**Exercise prompt:** The answer must consist solely of the lines below starting at the one containing "fendi blue denim jacket 2023" and ending at the one containing "CORSICA(コルシカ) 総柄シャツ", repeated exactly, with both ends included and all pictures omitted.

**Provided information:**

========================

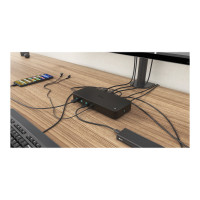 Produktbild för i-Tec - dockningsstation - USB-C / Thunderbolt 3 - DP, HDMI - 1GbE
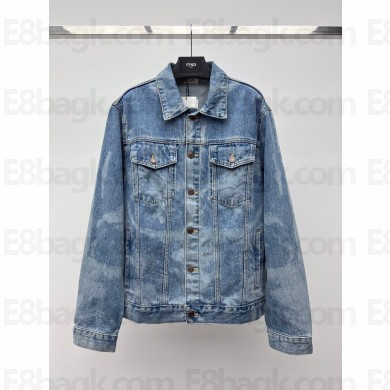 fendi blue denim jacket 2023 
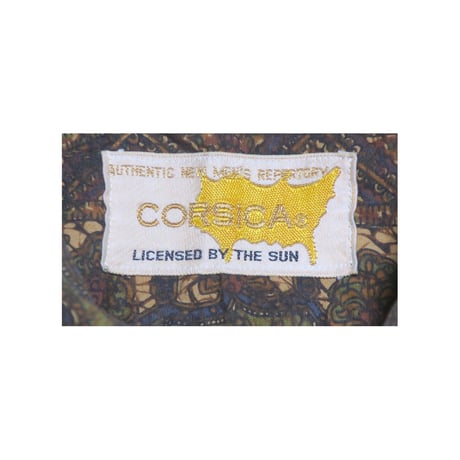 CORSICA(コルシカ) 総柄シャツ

========================

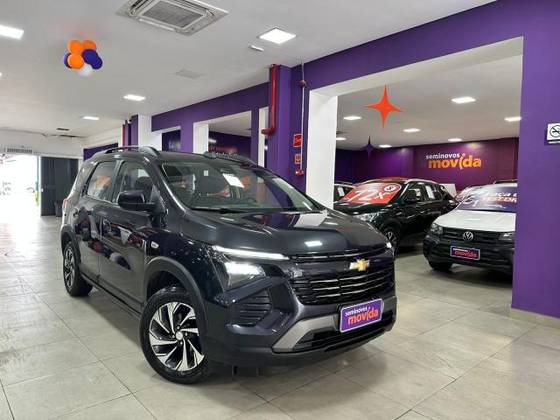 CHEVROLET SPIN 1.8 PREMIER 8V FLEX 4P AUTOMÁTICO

========================

**Answer below:**
 fendi blue denim jacket 2023 
 CORSICA(コルシカ) 総柄シャツ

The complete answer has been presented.